Data for processing -
****

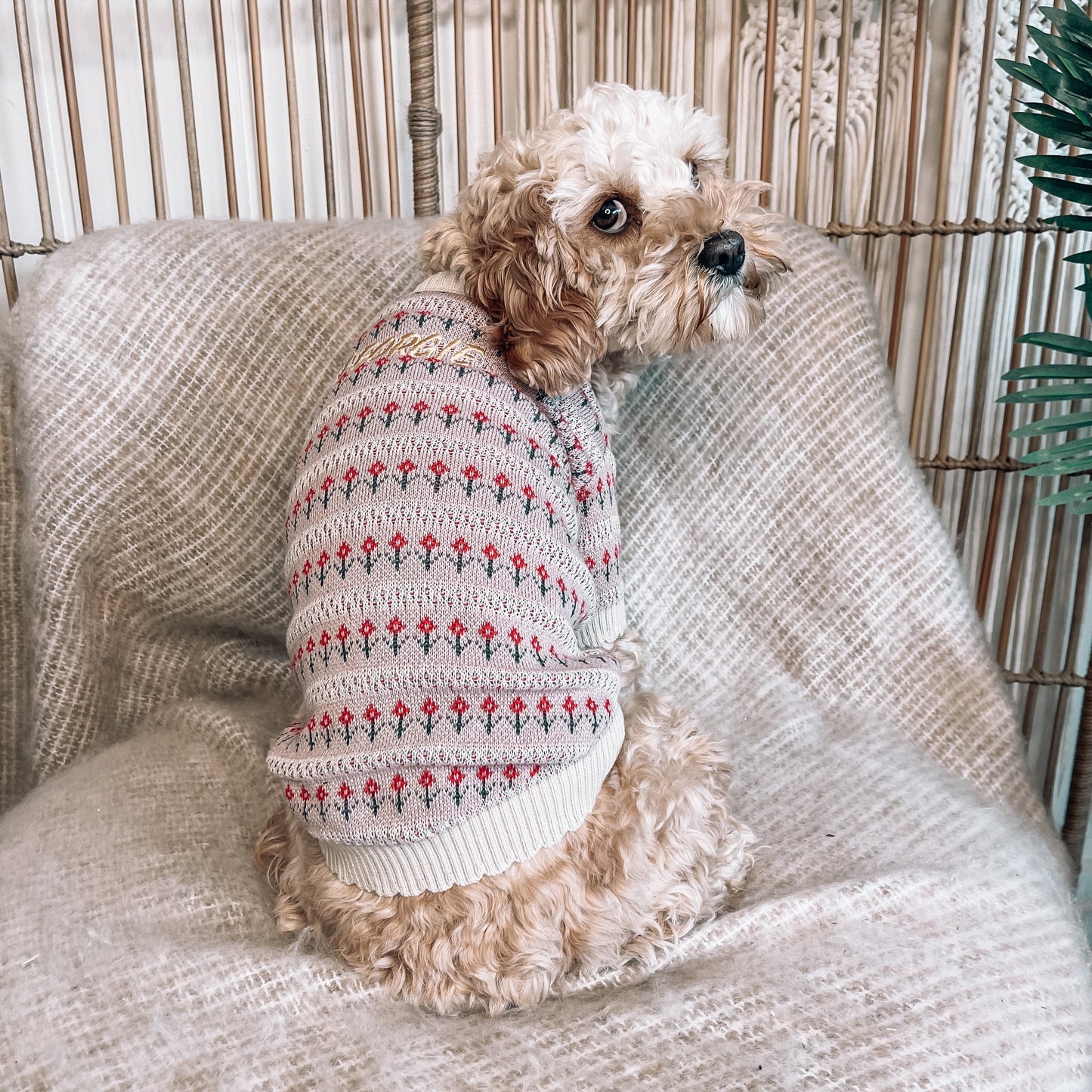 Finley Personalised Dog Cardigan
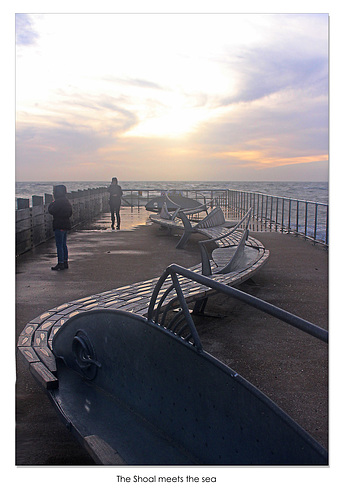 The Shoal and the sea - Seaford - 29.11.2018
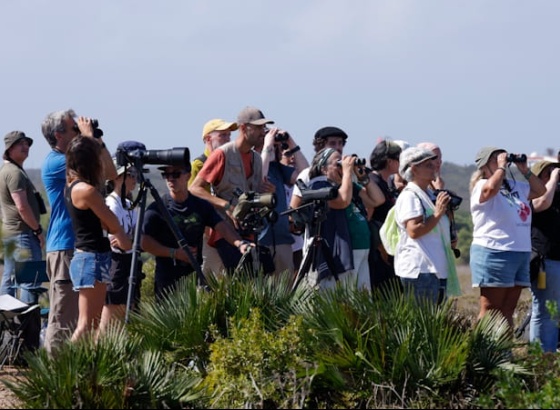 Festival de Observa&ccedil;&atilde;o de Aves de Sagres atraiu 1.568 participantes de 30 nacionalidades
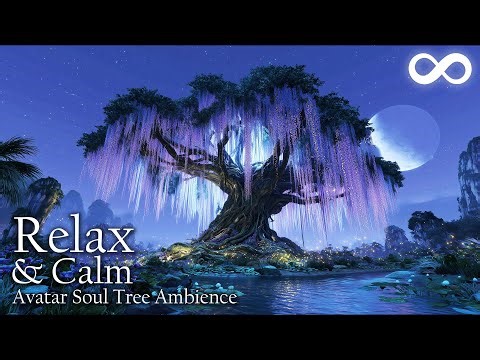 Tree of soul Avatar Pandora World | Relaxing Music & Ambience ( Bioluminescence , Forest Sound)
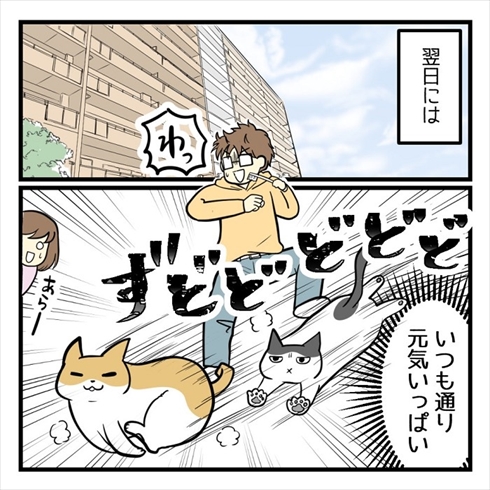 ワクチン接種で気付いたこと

****

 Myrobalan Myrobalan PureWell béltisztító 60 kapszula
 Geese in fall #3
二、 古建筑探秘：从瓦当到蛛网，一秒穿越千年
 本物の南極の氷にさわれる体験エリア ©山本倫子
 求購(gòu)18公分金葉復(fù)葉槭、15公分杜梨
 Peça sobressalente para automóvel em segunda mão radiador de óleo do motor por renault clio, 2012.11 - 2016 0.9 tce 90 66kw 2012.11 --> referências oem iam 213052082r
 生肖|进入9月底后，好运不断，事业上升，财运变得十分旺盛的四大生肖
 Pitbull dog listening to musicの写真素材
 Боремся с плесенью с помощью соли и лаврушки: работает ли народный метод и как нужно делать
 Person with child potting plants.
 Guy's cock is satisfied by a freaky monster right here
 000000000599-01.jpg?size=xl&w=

****

Work required - Every line above in the stretch from the one with "Festival de Observa&ccedil;&atilde;o" through the one with "ワクチン接種で気付いたこと" is to be transcribed exactly, ends included. No picture is copied.

Answer to this task -
 Festival de Observa&ccedil;&atilde;o de Aves de Sagres atraiu 1.568 participantes de 30 nacionalidades
 Tree of soul Avatar Pandora World | Relaxing Music & Ambience ( Bioluminescence , Forest Sound)
 ワクチン接種で気付いたこと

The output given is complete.